Hadoop in the enterprise: how to start small and grow to success

1 Summary

Hadoop-based solutions are increasingly encroaching on the traditional systems that still dominate the enterprise-IT landscape. While Hadoop has proved its worth, neither its wholesale replacement of existing systems nor the expensive and unconstrained build-out of a parallel and entirely separate IT stack make good sense for most businesses. Instead, Hadoop should normally be deployed alongside existing IT and within existing processes, workflows, and governance structures. Rather than initially embarking on a completely new project in which return on investment may prove difficult to quantify, there is value in identifying existing IT tasks that Hadoop may demonstrably perform better than the existing tools.
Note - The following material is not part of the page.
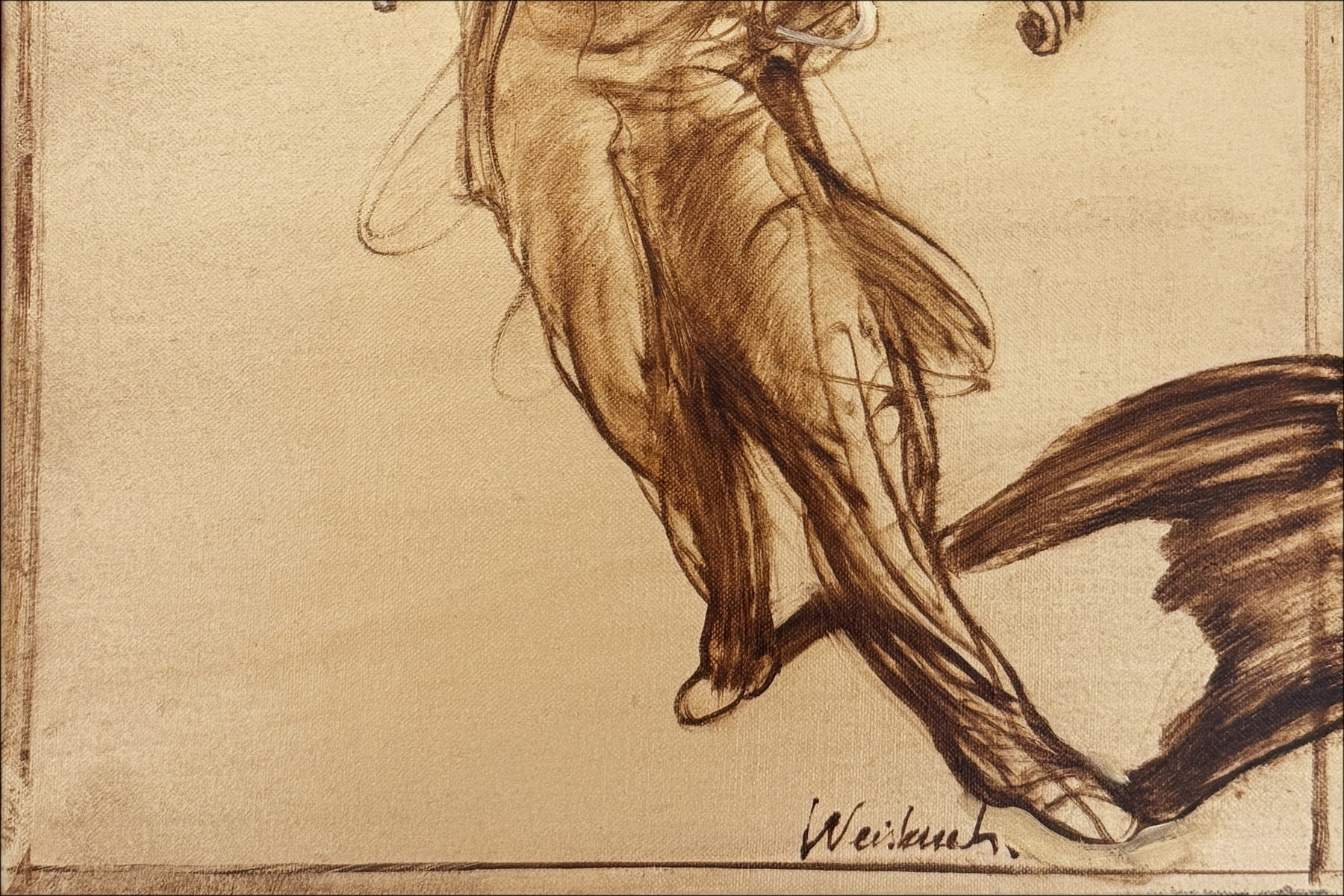Claude Weisbuch, Der Geiger, Original-Ölgemälde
ELT offload from the traditional enterprise data warehouse (EDW) represents one clear use case in which Hadoop typically delivers quick and measurable value, familiarizing enterprise-IT staff with the tools and their capabilities, persuading management of their demonstrable value, and laying the groundwork for more-ambitious projects to follow. This paper explores the pragmatic steps to be taken in introducing Hadoop into a traditional enterprise-IT environment, considers the best use cases for early experimentation and adoption, and discusses the ways Hadoop can then move toward mainstream deployments as part of a sustainable enterprise-IT stack. Key findings include:

  • Hadoop is an extremely capable and highly flexible tool. Early in an implementation, the combination of that flexibility with a poorly scoped project creates a real risk of scope creep and project bloat, decreasing the probability of success.
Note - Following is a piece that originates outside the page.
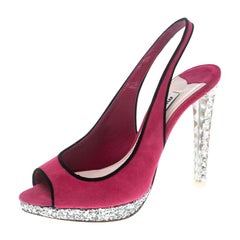 Miu Miu Pink Suede Crystal Heel Gliiter Peep Toe Slingback Sandals Size 37.5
  • It makes sense to apply Hadoop to well-understood problems as a pilot, creating opportunities to measure return on investment while allowing all concerned parties to concentrate on learning the platform.
  • Hadoop can be an efficient and cost-effective tool for offloading some of the data processing currently done inside EDW, freeing up capacity and creating the sort of measurable challenge early adopters of Hadoop need.
  • Hadoop augments — but does not replace — the EDW.